• **EXERCISE INSTRUCTIONS**:
Word for word, copy the entire listing below, but do not carry over any pictures.

• **DATA EXTRACTS**:
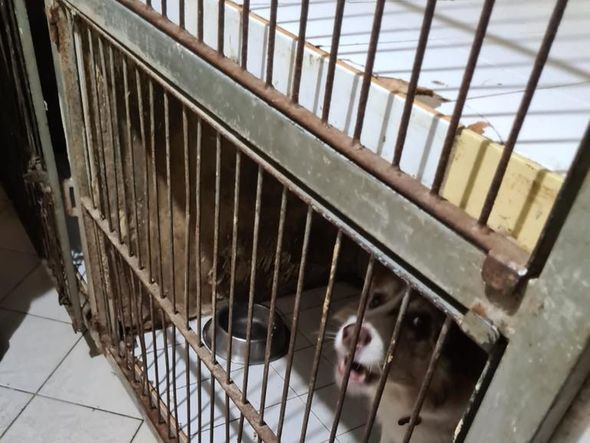 Animais foram encontrados com sinais de maus-tratos em Vitória por Reprodução | Prefeitura de Vitória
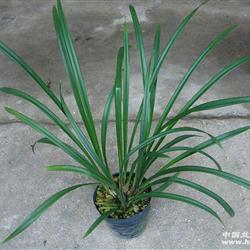 台北小姐 中国兰花交易网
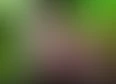 DEATH BATTLE Season 7's tag thumbnail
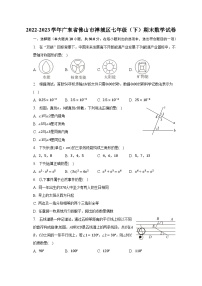 2022-2023学年广东省佛山市禅城区七年级（下）期末数学试卷（含解析）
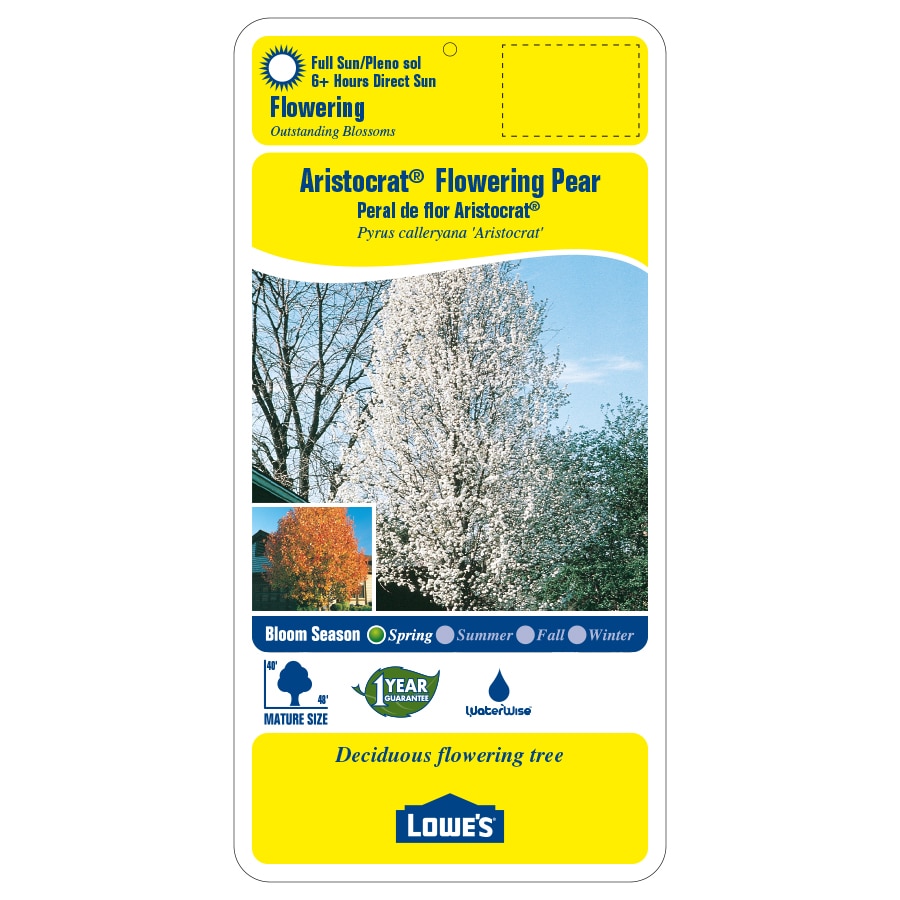 Lowe's NURSERY trees - View #3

• **THE COMPLETED TASK**:
 Animais foram encontrados com sinais de maus-tratos em Vitória por Reprodução | Prefeitura de Vitória
 台北小姐 中国兰花交易网
 DEATH BATTLE Season 7's tag thumbnail
 2022-2023学年广东省佛山市禅城区七年级（下）期末数学试卷（含解析）
 Lowe's NURSERY trees - View #3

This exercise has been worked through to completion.